Only time we had equality in America was precisely when the veil didn't exist, such as under John Smith's dictatorship at Jamestown. Every time we assert the logic of a veil, class warfare erupts, often lead by the very abusers of the classes protesting. Occupy Wallstreet was ran by liberal oppressors, corporations. Black Lives Matter, fighting for racial justice, was largely ran by hard core racists.... but it is always the principle of the matter, and the principle is our veil. We can separate ourselves from our actions, through abstraction and group feeling. Harvey Weinstein can be a great defender of feminism and women, just like Hillary can, who defended a rapist of a little girl when she was a lawyer, and defended bill clinton's multiple rapes.

That's something I don't think could exist without years and years of dumbing down liberals in places like Harvard, being fed The Veil of Ignorance. It never made you think about how people really are, how society really works. It allowed rich kids taking the easy way through Harvard (you can always bullshit your way through philosophy) to assert pretenses in adopting the veil. They funneled their guilt into activism, but never once stopped being a bunch of disgusting, immoral, degenerate human beings. They continue doing their crap, living segeregated. I assure you, people in all white Portland Oregon had a debate a few times this year about the Veil of Ignorance and Social and Racial Injustice.... the theory does absolutely nothing positive, doesn't get us to think positively about race, if anything, causes some very bad cyclic sociological responses in class warfare. It is a easy thing to adopt, assert, and absolve guilt through. Seems so simple, such a easy fix, but absolutely nobody actually embraces it. Discrimination seems to go up as a response to touching it, you merely gotta look at the absurdities of the modern progressive movement. It made the liberals in America about as racially united as Communism made the Soviets rich.
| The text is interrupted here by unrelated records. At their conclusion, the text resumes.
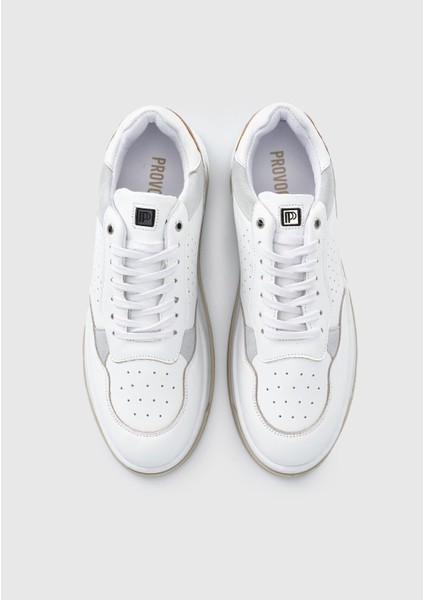 Beyaz Deri Erkek Sneaker indirimleri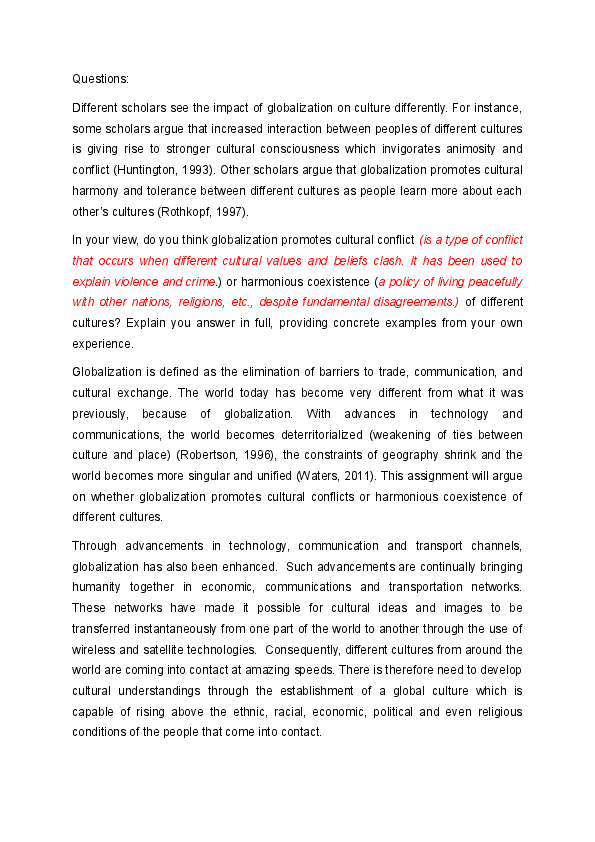 (DOC) Globalization in Africa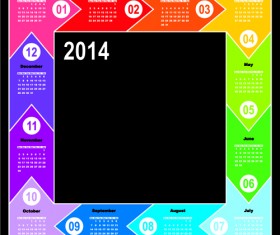 Calendar 2014 vector huge collection 05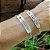 Pulseira de prata 925 plaquinha AMOR - Imagem 2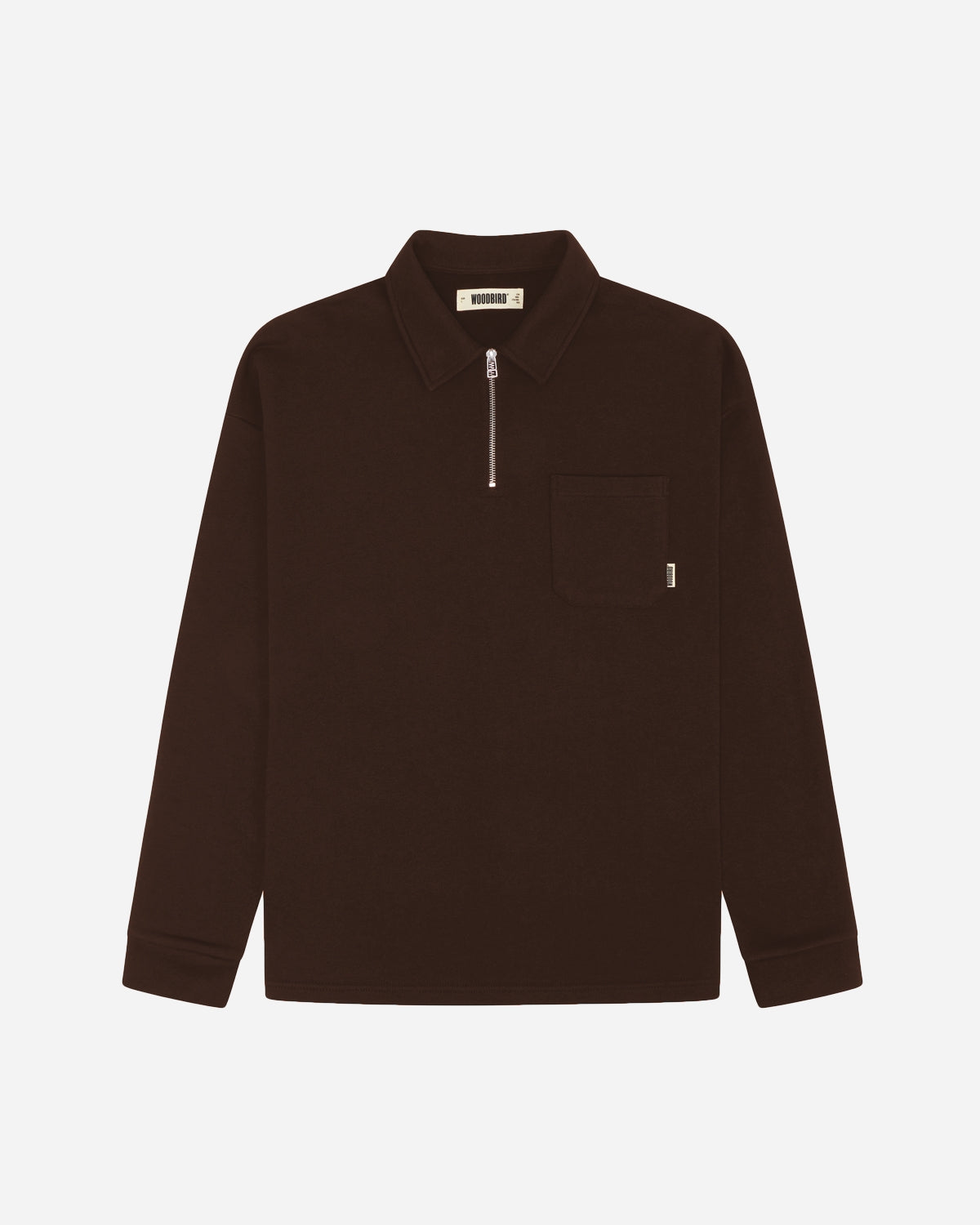 Dom Half-Zip Sweat - Brown Online Hot Salg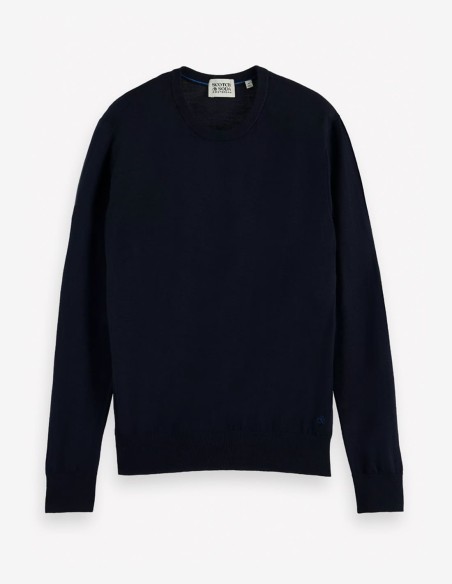 MERINO WOOL CREWNECK SWEATER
It is a blow theory, something we never should of allowed to take root in a top university, something we should ignore and let die, surviving only in a few feminist literature studies from Ivy League rich girls pursuing a nothing degree, and a handful of historical revisionists. The Veil of Ignorance is a lesson to all in how philosophy absolutely should not be conducted. It is a embarrassment to us all. It has done for philosophy about the same order of pragmatic good as animal sacrifice has done for meteorology in controlling the weather. You can't improve race or class conditions in any society with such a philosophy, it can't be done, and the imaginative exercise has the exact opposite effect on people, makes them worst people in the long run.